Je me suis penché sur elle. Mon calme est revenu. Je n’avais jamais palpé quelqu’un d’inanimé pour vérifier s’il vivait encore et je me sentais infiniment maladroit. Je ne savais comment m’y prendre. Je n’osais pas la toucher… Mon phare droit la baignait d’une lumière jaune qui faisait ressortir sa blondeur. Ma main est partie à l’aventure sur ce corps chaud, en quête d’un battement de cœur… Et j’ai trouvé son cœur tout de suite, comme s’il avait attiré ma main. Elle vivait ! Une joie âpre et presque douloureuse m’a sonné.
Avec d’infinies précautions, je l’ai retournée sur le dos. Elle était belle ! Ce brusque vis-à-vis m’a causé un choc. Elle avait des cheveux très longs et des pommettes légèrement proéminentes d’Asiatique. Ses traits étaient d’une régularité parfaite. Elle gardait les yeux clos. Sa poitrine se soulevait à une cadence précipitée… Elle a poussé un gémissement…
« Fais quelque chose », me suis-je dit.
J’avais honte de mon désarroi. J’ai pris la fille sous la nuque et sous les genoux, puis, d’une détente, je l’ai arrachée du sol. Mal équilibré, j’ai failli partir en arrière avec ma charge. Je l’ai assurée en la ramenant contre ma poitrine et l’ai portée jusque dans l’auto.
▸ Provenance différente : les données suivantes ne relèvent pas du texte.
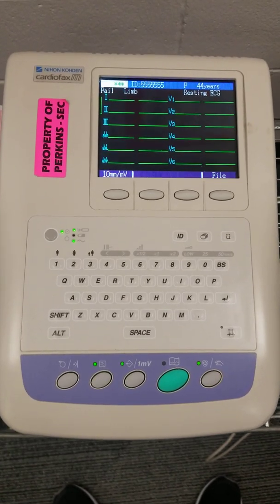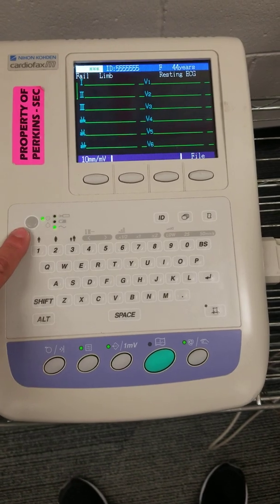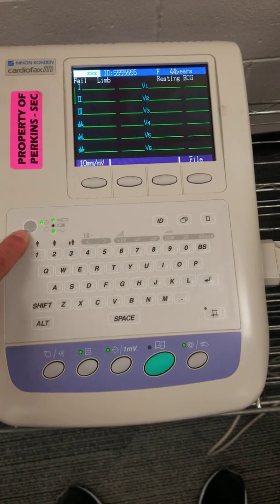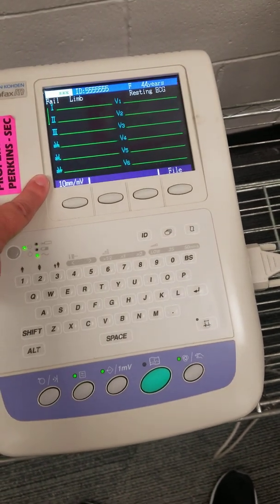This is a demo video of the Nikon CardioFax M. Some of the things you need to know: this is the on button. When you press the on button, the screen will light up.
À la lumière du plafonnier, j’ai pu l’examiner. À part une vilaine plaie au coude gauche, quelques ecchymoses aux jambes et une bosse à la tempe, elle paraissait indemne… Pourtant, je n’ai pas osé me réjouir…
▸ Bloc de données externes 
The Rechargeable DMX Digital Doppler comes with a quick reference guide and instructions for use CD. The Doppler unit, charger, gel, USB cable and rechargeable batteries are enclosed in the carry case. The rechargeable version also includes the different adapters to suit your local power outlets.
Machinalement, j’ai actionné mon démarreur. Le moteur a toussé plusieurs fois avant de tourner… J’ai passé ma vitesse et quelque chose a craqué sous la voiture : c’était la boîte à violon. J’ai foncé dans la nuit, sans trop savoir ce que j’allais faire de la blessée. C’était la première fois que je venais en Espagne et je ne parlais pas la langue du pays. C’est ce qui m’a retenu de la conduire dans un hôpital à Barcelone. J’avais besoin d’aide et le père Patricio me semblait la seule personne capable de me secourir en pareille conjoncture… Comme je n’étais plus qu’à une dizaine de kilomètres de Castelldefels et que l’état de la jeune femme ne semblait pas critique, j’ai résolu d’aller jusqu’à la Casa de la plage…
J’y suis parvenu sans que ma victime ait repris connaissance. Il y avait encore de la lumière, ce qui m’a mis un peu de baume au cœur. L’auberge se composait d’une grande pièce blanchie à la chaux servant de réfectoire. La partie donnant sur la plage était vitrée et des portes peintes en vert se succédaient sur les trois autres faces. Elles s’ouvraient toutes sur des chambres guère plus grandes que des cabines de bain, meublées chichement d’un lit et d’une chaise. Ces pièces ressemblaient davantage à des cellules de cloître qu’à des chambres d’hôtel, mais la vie qu’on menait ici était purement extérieure et ces niches réservées au sommeil vous donnaient envie d’aller gambader sur l’immense plage hérissée de plantes épineuses.